I know this is odd but my mother and I share an unspoken bond over a newspaper. Well, unspoken till now I guess. But in all the talk of hyperlocal news on the web and the local paper here in Birmingham going from daily to weekly I thought I’d explain why the Connacht Tribune is the greatest newspaper in the world.
The Tribune is a regional broadsheet covering the county of Galway in the west of Ireland. Because it has a sister paper covering the city of Galway (the City Tribune News) it’s free to focus on rural issues and covers news from all areas of Galway, including the region that my mother is from (North East Galway). I say ‘news’ but more often, once it gets down to these smaller, more sleepy areas, it focuses on cultural, social and farming stuff. So the price of sheep in the local market sits alongside the names of the winners of the local card game tournament. Its sports coverage of Gaelic games is incredibly comprehensive as well, right down to schools level.
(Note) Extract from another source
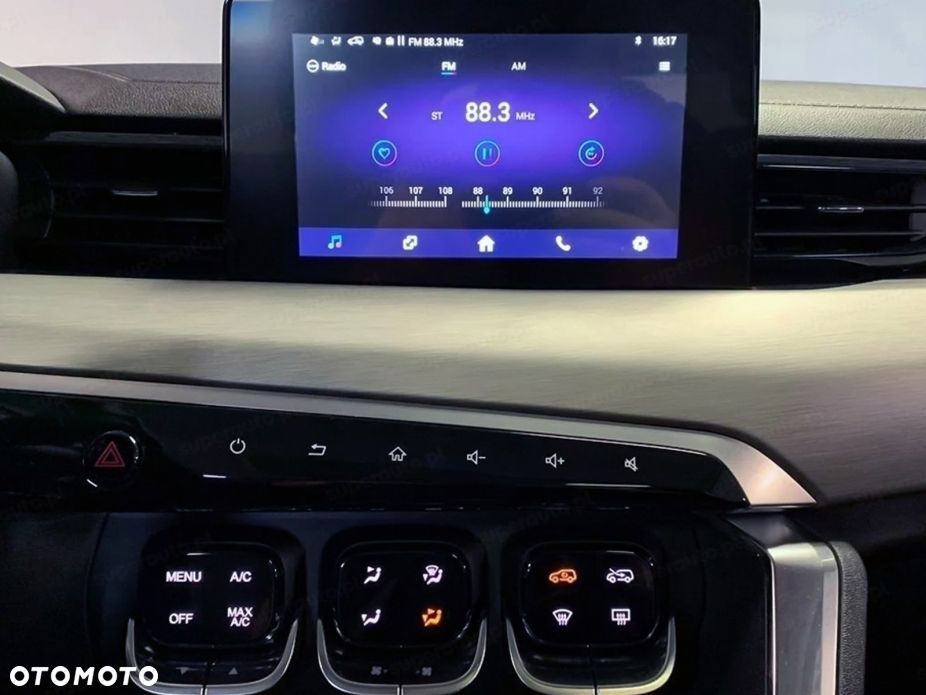BAIC 3 1.5T Luxury - 11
Its coverage of deal people is second to none. Death announcement and death anniversaries take up several pages. Such things are a real feature of local newspapers in Ireland, perhaps the one income stream that’s remained steady in the face of the advertising downturn.
Overall it has a depth of coverage that would be the envy of other local newspapers. Its quite a read, as weeklies should be. And in communities where access to the web is problematic the paper version is vital for well, knowing how expensive sheep are. But for me and Mom it has a deeper resonance. For her it connects her to the area she left nearly 50 years ago and for me it connects me to her, to the place that shaped her early experiences and a place that I spent every summer holiday from the early 70s till the late 80s.
The problem at the moment is actually finding a copy in the UK. It used to be the case that finding a wide selection of regional Irish newspapers was easy, many local newsagents in specific neighbourhoods stocked them as a matter of course. Or at least they would order them in. But whatever supply chain was operating in Birmingham seems to have ground to a halt as far as the Tribune is concerned. It just seems to have dissapeared from the shelves.
But its scarcity is, if anything, making it more important to us. That we can’t get a joint fix of it until one of us goes to Ireland to get a bundle of back copies has if anything made it clear how much we value it.
Like nearly all newspapers, its website is of course rubbish, but who cares. This is hyperlocal as I understand it, something that I’ve yet to see the web replicate and kind of hope it doesn’t any day soon.